You know you’re on the way to accomplishing your goals when you receive global recognition for your cause as one of the most important news stories of the year. That’s just what happened earlier this month when the U.S-based Foreign Policy Magazine placed the Idle No More Movement (INM) 10th on its list of the 100 most noteworthy stories of 2013. Idle No More founders Nina Wilson, Sylvia McAdam, Sheelah McLean and Jessica Gordon initiated the movement one year ago, when on January 11, 2013, demonstrations across the country brought attention to the Canadian Government’s Bill C-45, an omnibus and controversial bill that is having an adverse affect on First Nations communities across the country.
Last month’s issue of Foreign Policy Magazine added the four INM founders on its Top 100 Global Thinkers list, a prestigious honour and one that will help to ensure that the rights of Canada’s Indigenous peoples are not ignored.
The grass roots movement once again flexed its muscle last month as flash-dances lit up the streets in cities and communities across the nation to bring awareness to the injustices faced by Aboriginal people in Canada.
Even representatives of Canada’s national media found the actions of the movement to be memorable ones. CBC’s Waubgeshig Rice was one of them. Talking about the movement in a commentary last month, Rice focused on the flash dances that took place last year on Parliament Hill.
“It was an impressively massive show of culture and solidarity,” said Rice, “and although I was covering it for CBC, I found it impossible not to be moved.”
In the days and months that followed, the movement continued across the country where hundreds of groups and tens of thousands of protesters joined the ranks in solidarity. Throughout the year the movement grew and when some groups of protesters tried to capitalize on the success of INM by holding rallies and blocking highways under the INM banner, the founders were quick to dispel them, telling Canadians: “This is not our cause and this is not the way we do things; we are a peaceful movement and one that is trying to educate and enlighten the population, not alienate them by blocking roads and making threats.”
In the weeks before this Christmas season flashmob round dances lit up the streets in communities that included Winnipeg, Sudbury, Saskatoon, Lethbridge, Fredericton, Montreal and Surrey and more gatherings are in the planning stages.
2013 marks the fifth year that Foreign Policy Magazine has listed its top 100 Global Thinkers.
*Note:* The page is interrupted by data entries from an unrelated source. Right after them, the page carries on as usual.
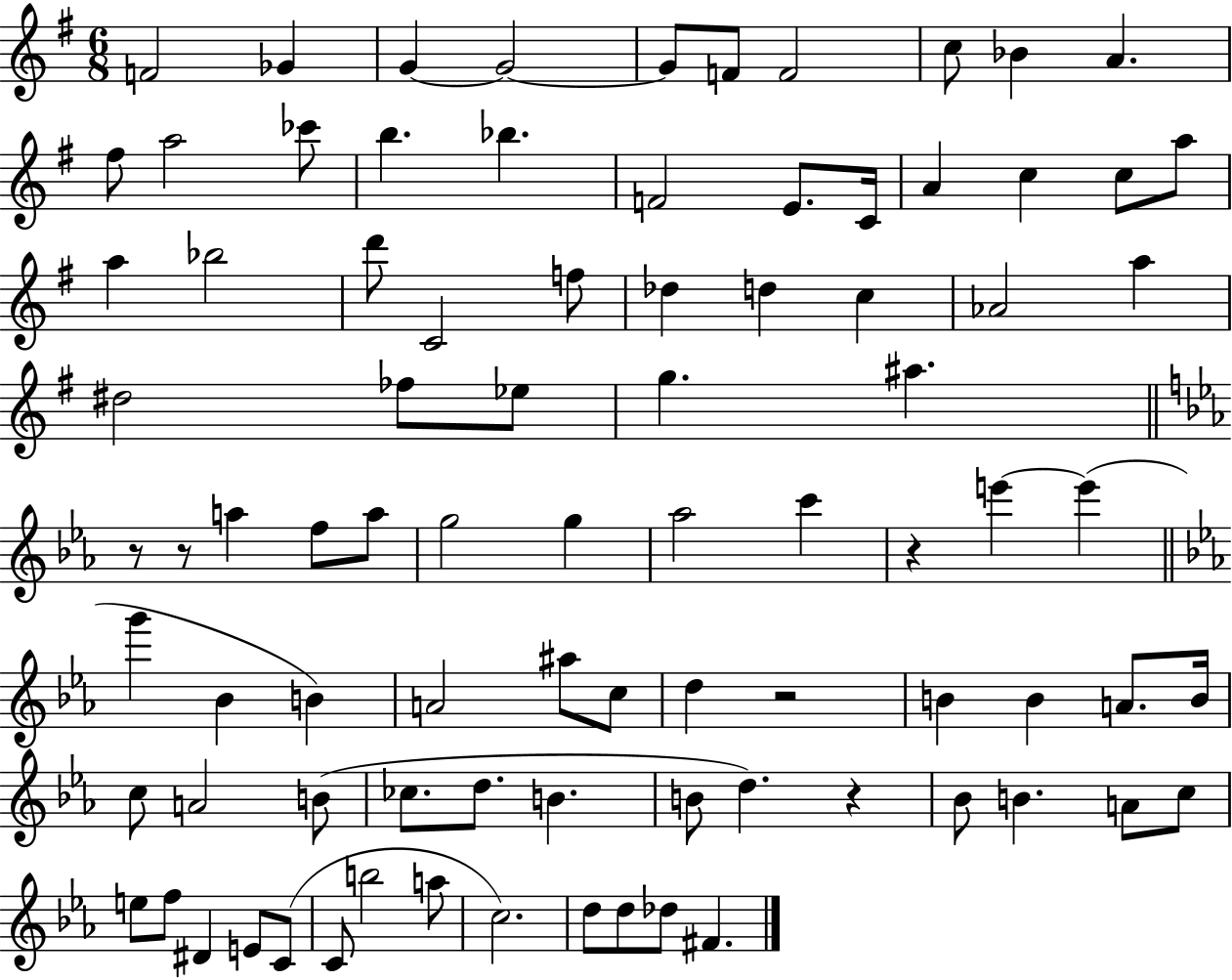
{
  \clef treble
  \numericTimeSignature
  \time 6/8
  \key g \major
  f'2 ges'4 | g'4~~ g'2~~ | g'8 f'8 f'2 | c''8 bes'4 a'4. | \break fis''8 a''2 ces'''8 | b''4. bes''4. | f'2 e'8. c'16 | a'4 c''4 c''8 a''8 | \break a''4 bes''2 | d'''8 c'2 f''8 | des''4 d''4 c''4 | aes'2 a''4 | \break dis''2 fes''8 ees''8 | g''4. ais''4. | \bar "||" \break \key ees \major r8 r8 a''4 f''8 a''8 | g''2 g''4 | aes''2 c'''4 | r4 e'''4~~ e'''4( | \break \bar "||" \break \key c \minor g'''4 bes'4 b'4) | a'2 ais''8 c''8 | d''4 r2 | b'4 b'4 a'8. b'16 | \break c''8 a'2 b'8( | ces''8. d''8. b'4. | b'8 d''4.) r4 | bes'8 b'4. a'8 c''8 | \break e''8 f''8 dis'4 e'8 c'8( | c'8 b''2 a''8 | c''2.) | d''8 d''8 des''8 fis'4. | \break \bar "|."
}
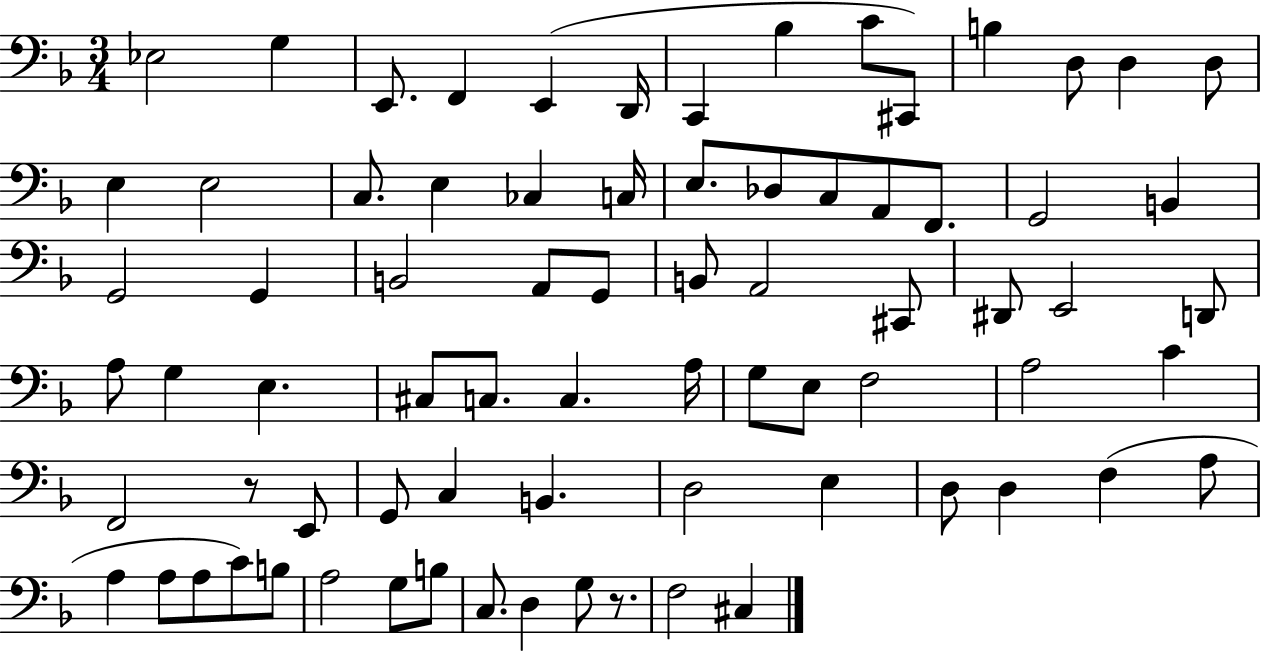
Eb3/h G3/q E2/e. F2/q E2/q D2/s C2/q Bb3/q C4/e C#2/e B3/q D3/e D3/q D3/e E3/q E3/h C3/e. E3/q CES3/q C3/s E3/e. Db3/e C3/e A2/e F2/e. G2/h B2/q G2/h G2/q B2/h A2/e G2/e B2/e A2/h C#2/e D#2/e E2/h D2/e A3/e G3/q E3/q. C#3/e C3/e. C3/q. A3/s G3/e E3/e F3/h A3/h C4/q F2/h R/e E2/e G2/e C3/q B2/q. D3/h E3/q D3/e D3/q F3/q A3/e A3/q A3/e A3/e C4/e B3/e A3/h G3/e B3/e C3/e. D3/q G3/e R/e. F3/h C#3/q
Other entries on this year’s list include Pope Francis, U.S. National Security Agency whistleblower Edward Snowden, Canadian astronaut Chris Hadfield, journalists Glenn Greenwald and Laura Poitras and 16 year old activist Malala Yousafzai.
The group’s entry on the list explains how the global movement started when the four women started emailing each other about concerns with proposed federal legislation affecting land management, water management and several other issues related to First Nations, Metis and Inuit people.
The entry reads: “Last winter, what started as a flurry of emails among four Saskatchewan women grew into a robust grassroots movement. The women—Jessica Gordon, Sylvia McAdam, Sheelah McLean, and Nina Wilson—were corresponding about a budget bill that would affect land management on the reservations of Canada’s indigenous communities. Believing the bill challenged First Nations’ sovereignty and weakened environmental protections, they organized a meeting of local activists. Gordon called the Facebook page that resulted from the meeting ‘Idle No More’ as a reminder that the community had to get off the couch and start working. Before long, #IdleNoMore was trending on Twitter, and protests under the same name spread across Canada.”
Solidarity demonstrations also occurred in the United States, Europe, and Australia. The entry states: “The protests in particular targeted Canada’s extractive industries, asserting that new pipelines and other projects would destroy land and disrupt ecosystems. One protest delayed exploratory drilling in British Columbia.”
On Jan. 28 Idle No More is planning a rally that will highlight the federal government’s proposed Education Act, another undertaking that Harper’s government is moving ahead with, despite the fact that it has neither asked for nor accepted input from Canada’s Indigenous peoples.